75.   In view of our  abovementioned  conclusions,  we  do  not  propose  to
examine other submissions regarding the  correctness  of  the  Gujarat  High
Court's declaration that the unamended definition of  the  expression  "NPA"
would continue to govern the situation in view of the Gujarat  High  Court's
conclusion that the amended definition of NPA is unconstitutional.

76.   All the writ petitions and the appeals are disposed of declaring  that
the amended definition of the expression "NPA" under Section 2(1)(o) of  the
Act is constitutionally valid.

77.   In the result, all the writ petitions either filed before  this  Court
or filed before the Madras and Gujarat High Courts and the  appeals  of  the
borrowers stand dismissed.

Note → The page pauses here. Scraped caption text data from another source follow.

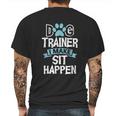 Dog Trainer I Make Sit Happen Funny Pet Training Mens Back Print T-shirt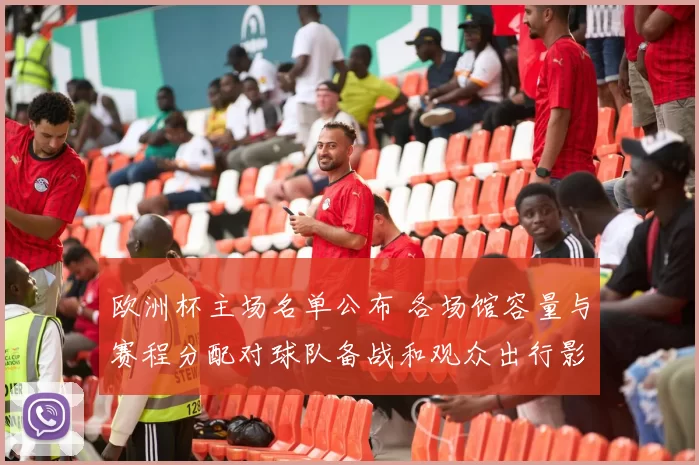 欧洲杯主场名单公布 各场馆容量与赛程分配对球队备战和观众出行影响
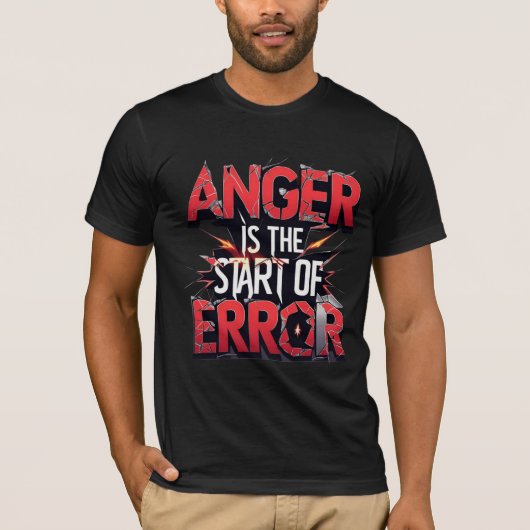 怒りは間違いの始まり | 強烈な名言 Tシャツ (正面)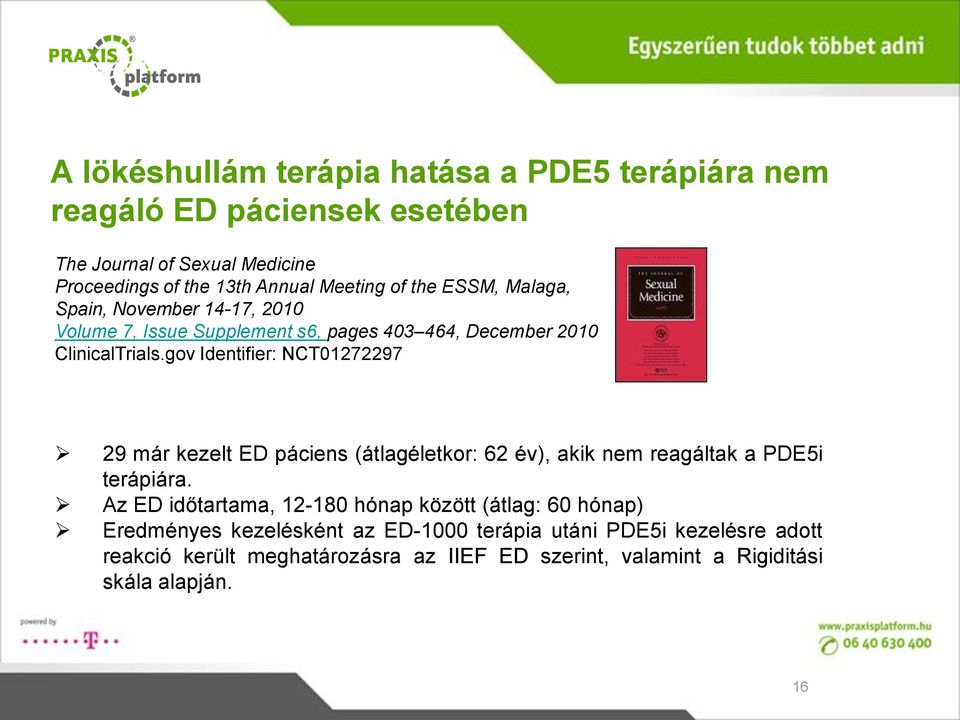 gov Identifier: NCT01272297 29 már kezelt ED páciens (átlagéletkor: 62 év), akik nem reagáltak a PDE5i terápiára.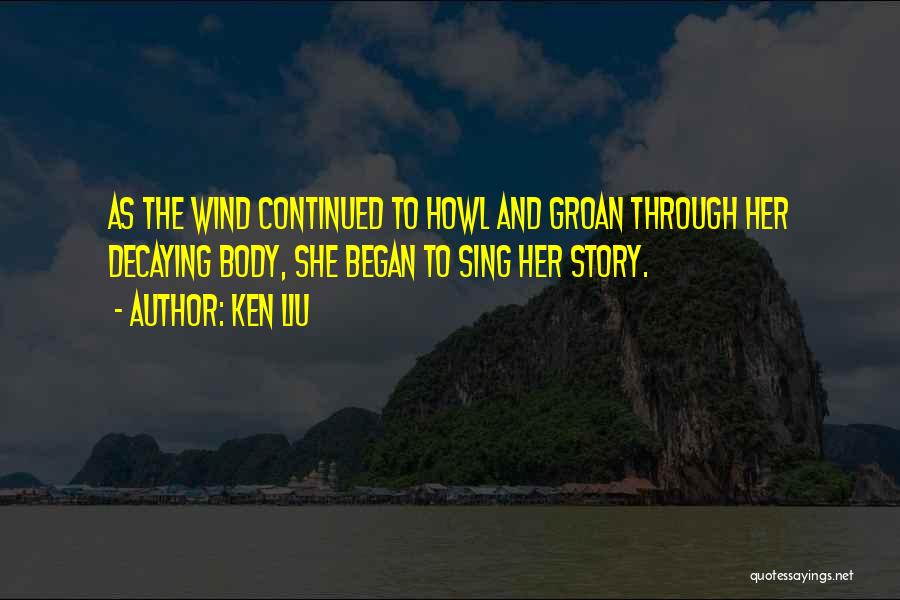 Ken Liu Quotes: As The Wind Continued To Howl And Groan Through Her Decaying Body, She Began To Sing Her Story.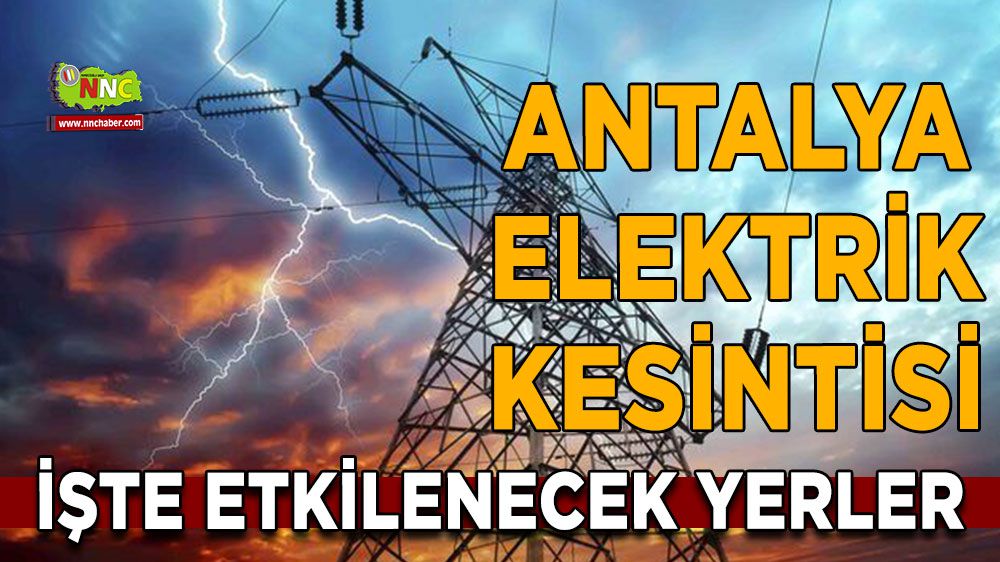 Antalya elektrik kesintisi! 21 Ocak Antalya elektrik kesintisi yaşanacak yerler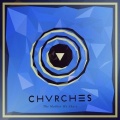 CHVRCHES、Vanic - The Mother We Share (Vanic Remix)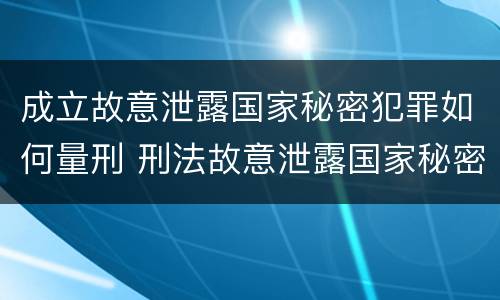 成立故意泄露国家秘密犯罪如何量刑 刑法故意泄露国家秘密罪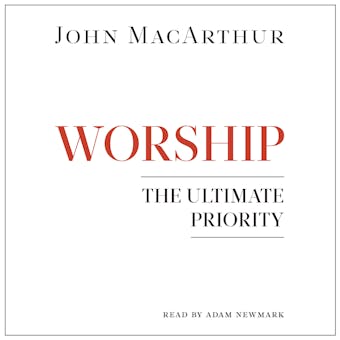 Worship: The Ultimate Priority - John MacArthur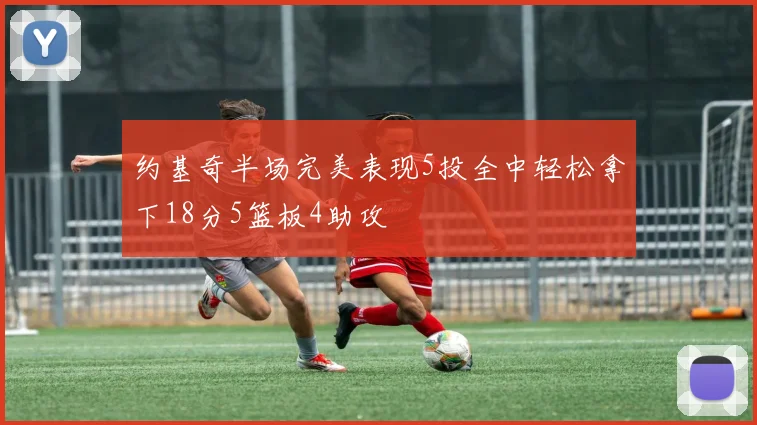 约基奇半场完美表现5投全中轻松拿下18分5篮板4助攻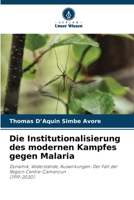 Die Institutionalisierung des modernen Kampfes gegen Malaria (German Edition) 6207749979 Book Cover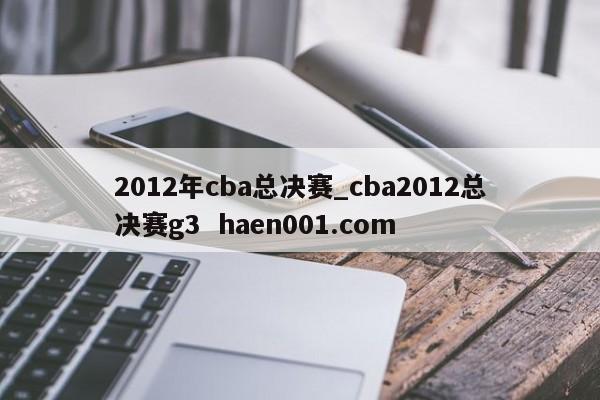 2012年cba总决赛_cba2012总决赛g3 haen001.com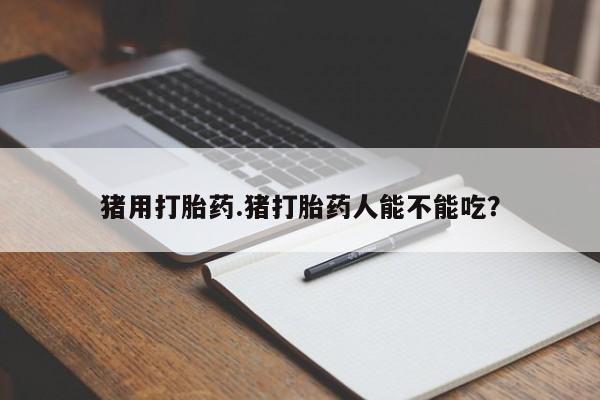 流产药在线购买微信猪用打胎药.猪打胎药人能不能吃？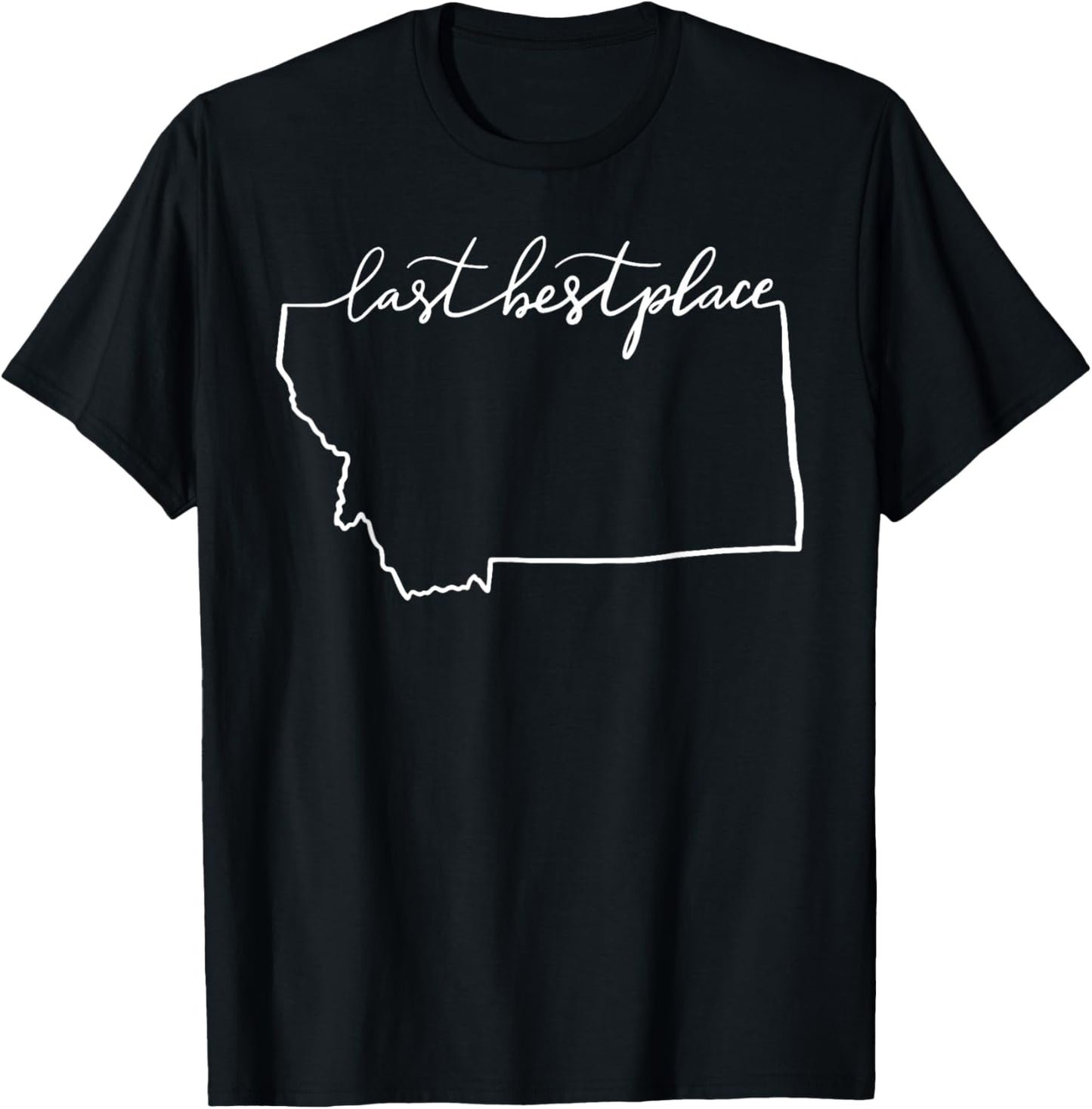 Last Best Place Montana T-Shirt State T-Shirt | Top Conversion Title | Perfect Gift Choice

The appeals of the CREDITORS  are  allowed.  Each
of  the  writ  petitioners/borrowers  shall  pay  costs  to  the  respective
CREDITORS calculated at 1% of the amount outstanding  on  the  date  of  the
notice under Section 13(2) of the Act in each of the cases.


                                  ........................................J.
                                                   (J. CHELAMESWAR)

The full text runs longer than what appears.